Ahmet Cüneyt Issı’nın dikkat çektiği “yüzleştirmeleri” de unutmamak lazım tabii. Kutlu hümanist değildir ve her karakterini eşit oranda sevmez, kabul etmez, desteklemez. Karakterlerin kendilerini sevmelerine, bağışlamalarına fırsat verir o kadar. Yazar olarak görüşünü hiçbir zaman açıkça duyurmaz. Fakat Issı’nın da örneklerini vererek çözümlediği gibi, masumiyetini kaybetmiş karakterler daima kendi geçmişlerini canlandıran masum ve bazı durumlarda eleştirici (Asım beyle oğlu İlhan ya da Engin ve Süheyla örneğinde olduğu gibi) bir karakteri karşılarında bulurlar Mustafa Kutlu hikayelerinde. Mutlak ideolojik ve siyasi hikayeler yazmıyor Mustafa Kutlu; ama anlatmak için anlatan, hikayeye keyif ve zevk için yaklaşan okuyucuya konuşan bir yazar hiç değil. Özellikle asıl önemli dönemi saydığımız (ki bu konuda bir mutabakat vardır) “Beşleme’de Kutlu’nun toplumsal eleştiri ve öneri pozisyonunda durduğunu görüyoruz.
Yokuşa Akan Sular, adı üstünde ülkede bir şeylerin ters gittiği, yerel hayatın bittiğini ve ama büyükşehre göçün de insanlara hayat sunamadığını kötümser denebilecek bir bakış açısıyla veren bir kitaptır. Hikayenin baş kahramanlarından biri bir kaza kurşunuyla diğerinin kucağında can verir. Bu bir tür ilahi işaret ve cezadır. Göçün ve yeni çalışma düzeninin getirdiği değişimi direnmeksizin kabul eden Cevher Bican karakteri, belki daha saf, belki eğitimi kıt, belki de yaşça daha ileri olduğu için değişime kişiliğini kaptırmayan Seydali karakterinin kucağında, bir miting sırasında, kargaşa esnasında bir serseri kurşunuyla hayata gözlerini yumar. Bu trajik son akla Sabahattin Ali’yi getirse de durum tam tersidir. Çünkü Sabahattin Ali’nin trajik sonlarında hep masum ve bozulmamış halktan biri ölür; Kutlu ise değişen, genç, diri ve yeni karakterini bu hazin sona terk eder.

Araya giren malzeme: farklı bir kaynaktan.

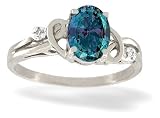 14K White Gold Oval Created Alexandrite and Diamond Ring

Beşlemenin ikinci kitabı olan Yoksulluk İçimizde’de kötümserlik de ölüm de kırılır gibi olursa da, hemen sonra gelen Ya Tahammül Ya Sefer’de kötümserlik, düşkırıklığı, inancın çözülüşü gibi trajik temalar had safhaya çıkar. Bu kitabı iğnelenir gibi okumamak pek mümkün değildir. Daha sonra gelen Bu Böyledir‘de ise tragedya artık öz olarak hikayenin temeline yerleşmiştir. Lunapark temsilinde Kutlu küçük ve başarılamamış hayatların çıkışsızlığı fikrini serimler. Artık yolunu şaşıranlar, kaybolanlar, değişim karşısında çözülenler tek tek kişiler değil kalabalıklardır. Bu Böyledir ile İsmet Özel’in Celladıma Gülümserken kitabının şiirlerini karşılıklı okumak (genç şairlerden Ali Akyurt’un Mustafa Kutlu’nun anlatım teknikleri ile ilgili yazısında önerdiği gibi) okuyucuyla yeni toplumsal eleştirinin nasıl olabileceği konusunda taze fikirler verecektir. Özel gibi Kutlu da her gelen değişimi kabullenmeye karşı durmakta ve değişimin taşıyıcısı olan ticaret ve teknoloji karşısında kuşkusunu pek gizlememektedir. Yazar kuşkuculuğunu, eleştirelliğini Sır kitabında daha da ileri götürerek bir siyasi blokun akla gelebilecek her karakterine projeksiyon tutmuştur.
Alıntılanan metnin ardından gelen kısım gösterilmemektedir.